Je pense que tout le monde est confronté au même problème. Je vous ai cité tout à l'heure des candidats de la France insoumise, mais je ne vais pas rester là. Est-ce que ça veut dire que si la France insoumise investit un pédophile, est-ce que ça veut dire que tous ces candidats sont pédophiles ? Si Renaissance investit M. Santini, qui est poursuivi à 85 ans pour de multiples agressions sexuelles, est-ce que ça veut dire que M. Gabriel Attal investit des candidats qui ont des inclinaisons problématiques ? Est-ce que LR, qui a investi longtemps M.
Perdrio à Saint-Etienne, qui est un délinquant notoire qui aujourd'hui, je crois, est en prison, est-ce que ça veut dire que LR est habitué à investir des candidats qui soient des délinquants ? Vous voyez, on est tous confrontés aux mêmes difficultés.

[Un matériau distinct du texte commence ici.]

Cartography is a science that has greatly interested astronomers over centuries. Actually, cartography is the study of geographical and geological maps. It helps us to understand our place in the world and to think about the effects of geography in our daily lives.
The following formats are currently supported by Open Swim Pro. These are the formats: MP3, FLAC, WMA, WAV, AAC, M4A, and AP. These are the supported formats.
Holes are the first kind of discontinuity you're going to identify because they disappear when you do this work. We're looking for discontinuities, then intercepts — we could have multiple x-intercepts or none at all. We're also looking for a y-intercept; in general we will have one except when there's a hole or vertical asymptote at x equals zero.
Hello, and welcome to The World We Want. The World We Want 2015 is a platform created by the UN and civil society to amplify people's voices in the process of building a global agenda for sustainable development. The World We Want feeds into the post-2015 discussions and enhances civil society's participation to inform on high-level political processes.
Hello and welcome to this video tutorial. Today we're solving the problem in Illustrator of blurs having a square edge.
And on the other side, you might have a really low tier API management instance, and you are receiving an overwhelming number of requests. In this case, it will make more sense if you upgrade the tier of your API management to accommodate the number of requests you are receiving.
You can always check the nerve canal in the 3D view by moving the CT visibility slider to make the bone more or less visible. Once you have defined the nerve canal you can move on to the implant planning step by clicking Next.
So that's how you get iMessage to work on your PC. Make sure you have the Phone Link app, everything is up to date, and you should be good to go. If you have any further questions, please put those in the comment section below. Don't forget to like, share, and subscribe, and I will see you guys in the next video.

C'était le cas aussi pour les Verts, à Saint-Ouen, avec une candidate qui a préféré renoncer après des attaques homophobes.

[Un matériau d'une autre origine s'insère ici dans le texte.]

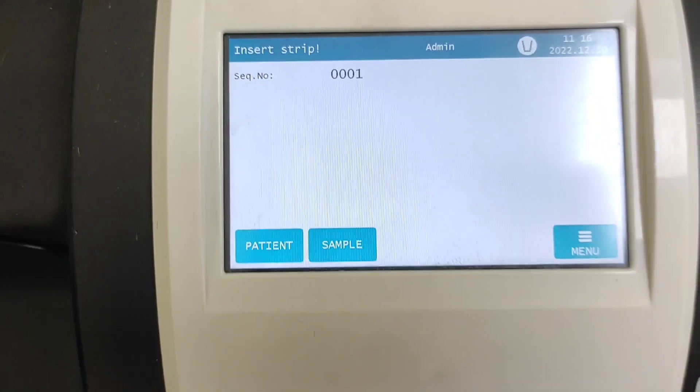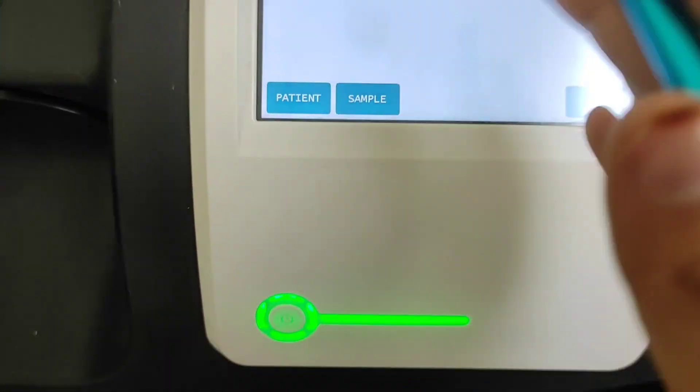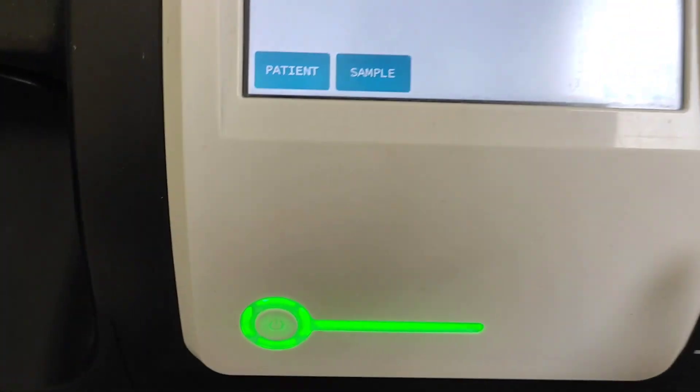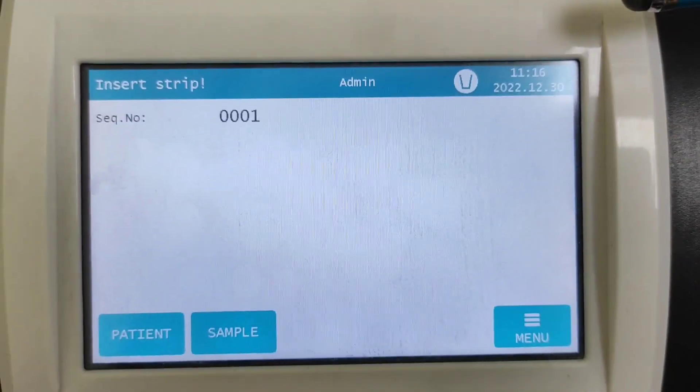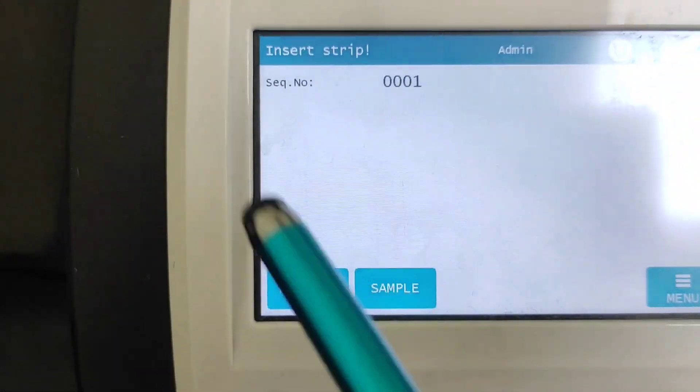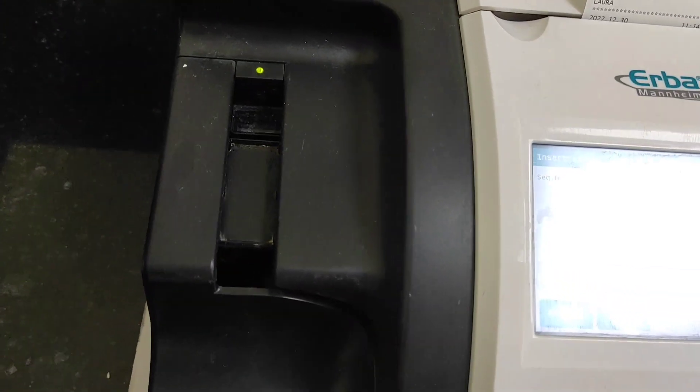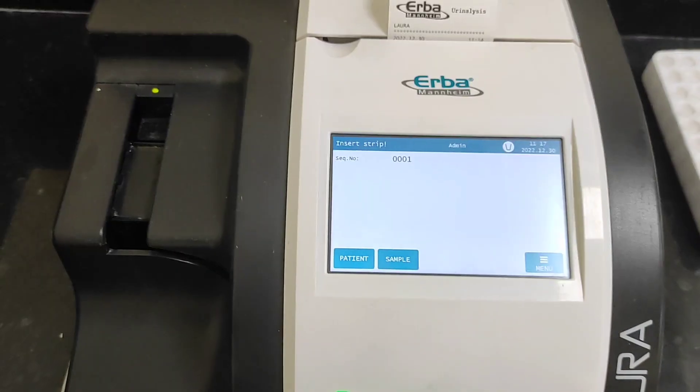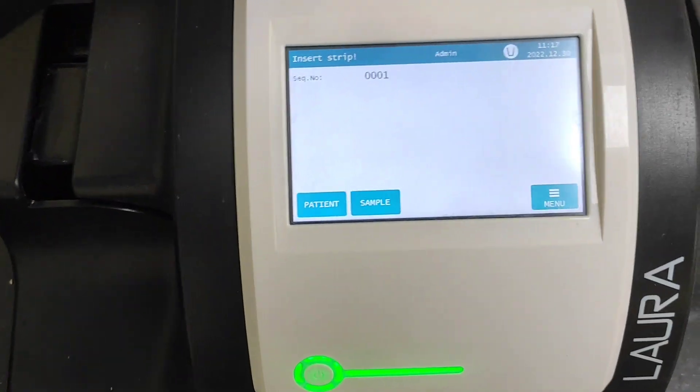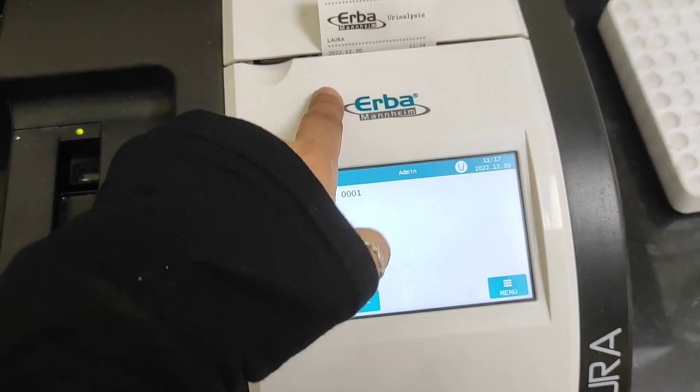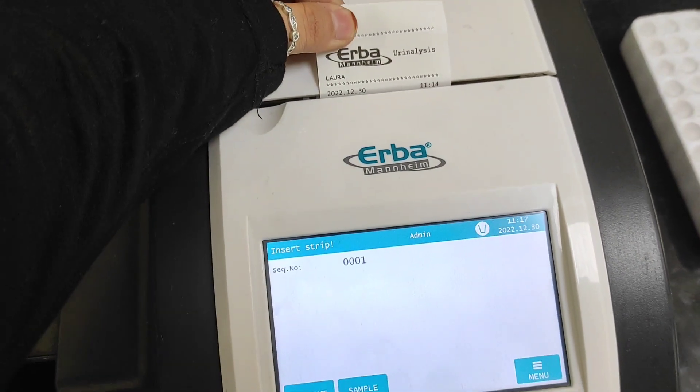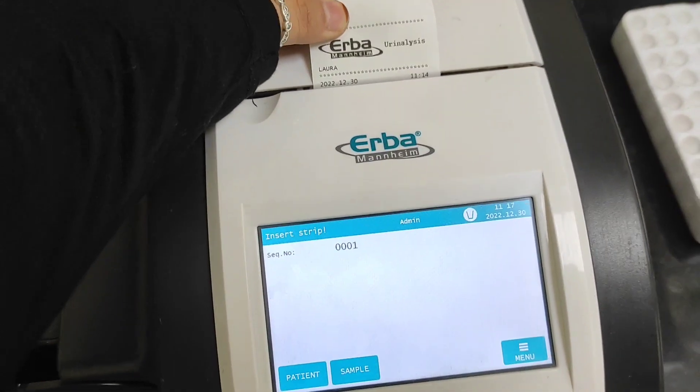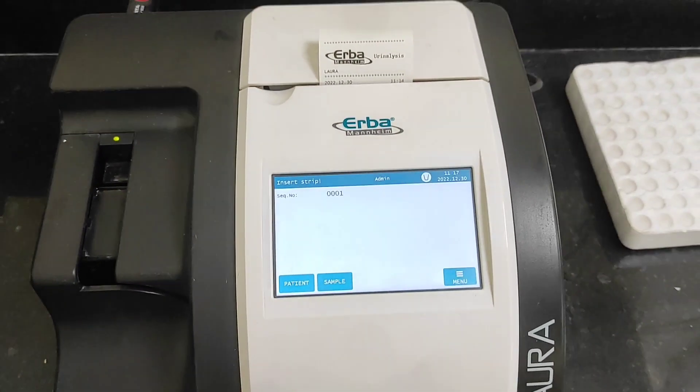And now it's just saying insert the strip. So this is it guys. And yeah one more thing, here is a printer. The printer part, you can just get the result in the form of print. So this is it guys, it was a brief introduction about this analyzer.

On vous en parle parce qu'il y avait eu des législatives où il y avait quand même un grand nombre de cas de candidats du Rassemblement national problématiques.

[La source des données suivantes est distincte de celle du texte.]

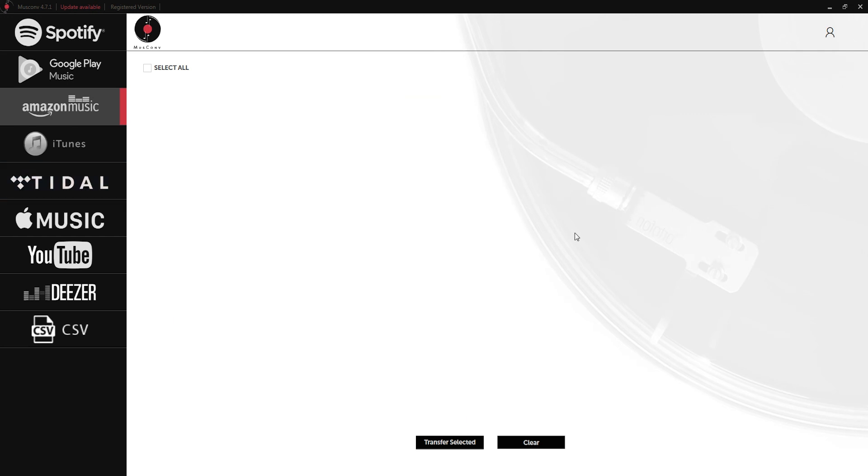That's it for this video on how to use MuseConv. Make sure you download and install the program to check out all of the cool features included with it.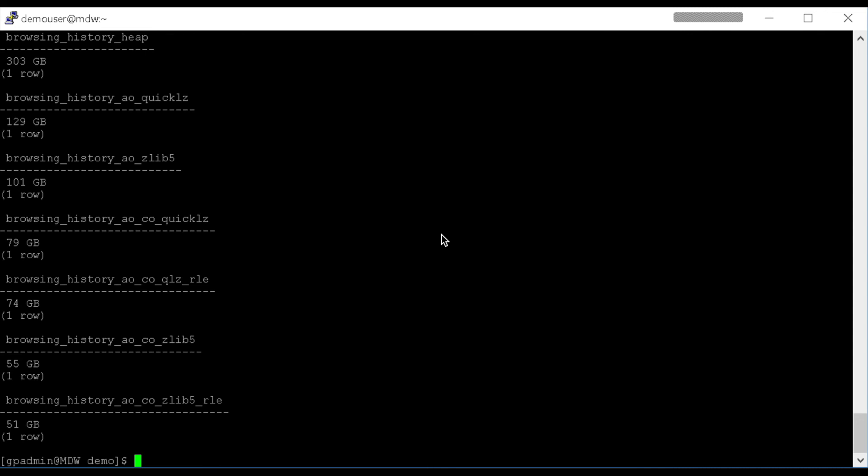Append-only, column-oriented, Zlib level 5, we're all the way down to 55 gigabytes now for the same dataset. And the most compression in the example is append-optimized, column-oriented, Zlib 5 with those Run-Length Encoded columns. That 303 gigabyte table now fits in 51 gigabytes of space.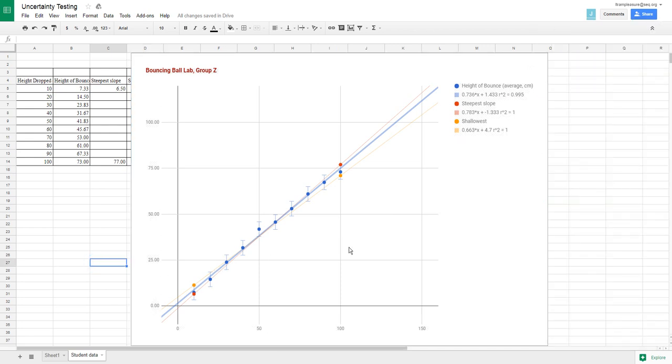And that should be it. We can clean that up a little bit. I'll show you how on other videos how to clean it up. But here we've got our error bars. We've got our steepest slope, 0.783. Our shallowest, 0.663. And our average, 0.736.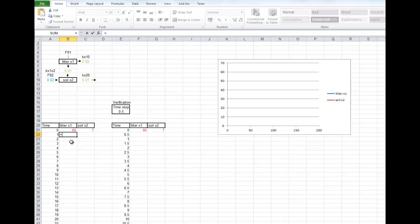So we can type the formula in. We could refer back to our word document, but we can probably remember. The amount of carbon sometime in the future equals the amount of carbon to start with, which is B21, plus the flux into compartment 1. There's only one flux going into compartment 1, so we can click on that.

Non, il y en a eu une dizaine et les cas étaient très différents. Sur le nombre de candidats, il y avait à la fois des candidats qui n'avaient pas forcément le niveau mais qui ne posaient pas de problème de ligne politique, n'avaient pas le niveau pour devenir député, il avait fallu les désigner en cinq jours, et il y avait un très petit nombre de cas de candidats problématiques. Mais je vous ai parlé de candidats islamistes, de candidats pédophiles, de candidats qui commettent des agressions sexuelles, de candidats qui sont des délinquants. Ça ne fait pas pourtant la ligne politique des partis politiques qui les investissent.
Vous voyez, tous les partis en réalité sont confrontés à la même chose parce que la politique intéresse ou permet à des gens de s'intéresser à des enjeux alors qu'ils n'auraient pas à le faire. Et c'est vrai que nous, notre boulot c'est de gendarmer tout ça. Et nous le faisons, je crois, avec beaucoup de bonne volonté, beaucoup de sens des responsabilités. Et quand il y a ce type de problème, Jordan Bardella n'a pas la main qui trempe, c'est le moins qu'on puisse dire.